Will it be enough to keep its nose in front?

By Ben Charny

Published: 9 September 2003 08:24 GMT

Hoping to provide some breathing space between itself and its competitors, Cisco plans to unveil the first-ever VoIP telephone with a colour and touch screen.

Marketing Director Hank Lambert said the new features are meant to make Voice over internet phones much easier to use. The groundbreaking features will for now only be found on Cisco's 7970G, which costs $1,000 in the US. But colour and touch screens are poised to become a regular feature in Cisco's VoIP telephone line-up if prices of the raw materials ever drop, he said.

Lambert said: "As the technology evolves over time, we'll try and drive popular technologies into other Cisco products."

Cisco is adding new features just as major competitors are beginning to finally chip away at the company's four-year-long dominance of the VoIP market. While Cisco has sold two million VoIP handsets, more than its competitors combined, it's beginning to show weakness in sales of other VoIP hardware. A recent survey by InfoTech Research concludes Avaya overtook Cisco as the number one worldwide supplier of a key piece of VoIP phone network equipment for businesses.

At risk for Cisco is its dominance of an equipment market expected to mushroom to $15bn in the next three years, according to research company Synergy Research Group.
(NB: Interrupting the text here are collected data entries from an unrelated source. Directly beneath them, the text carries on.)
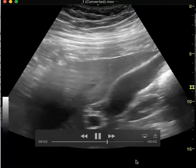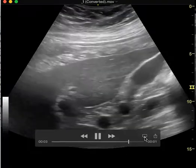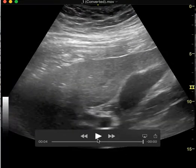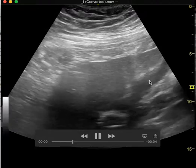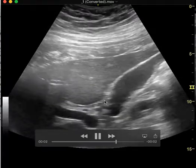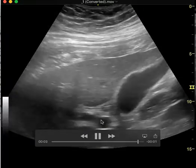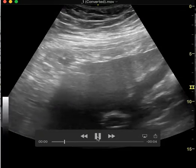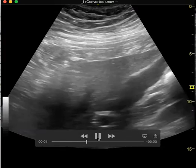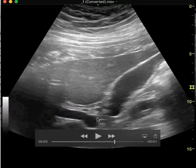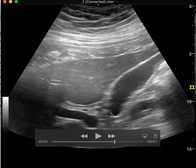This is a gallbladder ultrasound and this is a really nice clip. You can see the gallbladder to the right of the screen. You can see the portal triad right here with the portal vein, the hepatic artery, and the common bile duct. You can see them right here.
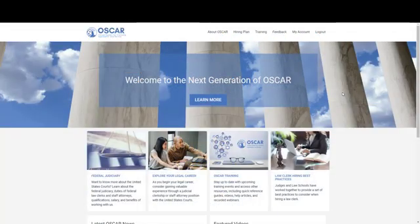Hi everyone. My name is Ty Manuel. I'm the OSCQR Product Manager. I'm going to give you an overview of OSCQR for the Law School Administrator Interface.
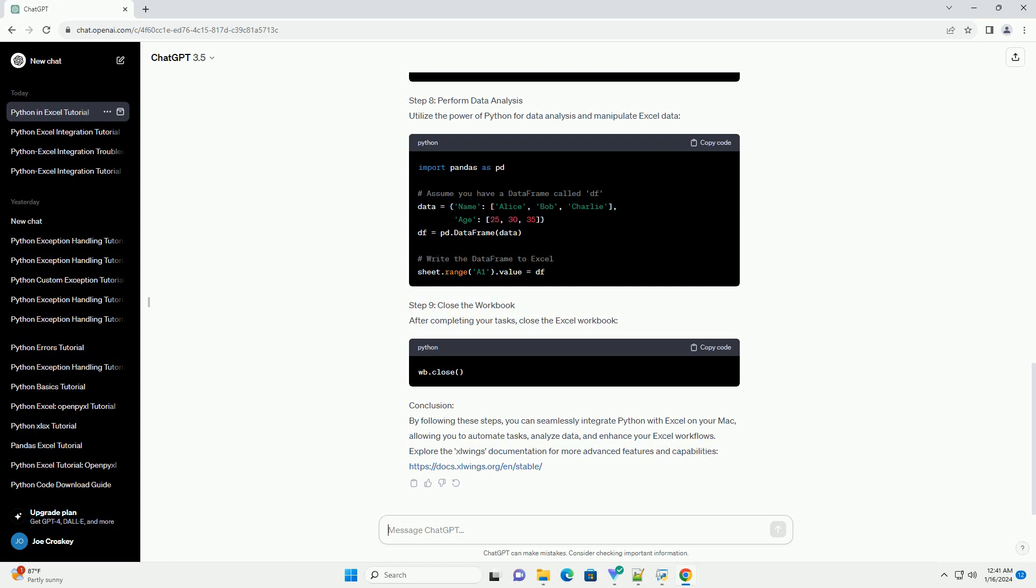Conclusion: By following these steps, you can seamlessly integrate Python with Excel on your Mac, allowing you to automate tasks, analyze data, and enhance your Excel workflows. Explore the Slwings documentation for more advanced features and capabilities.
After years of overpromising and under-delivering, VoIP providers are generating renewed interest among consumers, thanks to sharp growth in broadband connections to the home, improvements in quality of service, and hook-ups that allow VoIP calls over ordinary telephone handsets rather than clunky PC microphone systems.

VoIP services for now typically promise a smaller phone bill, virtually wiping out charges for long-distance and international calls.

In addition, connecting phone calls over the internet could eventually open the door to advanced communications services that tie voice together with email, instant messaging and videoconferencing - something that Microsoft and others are already working to achieve.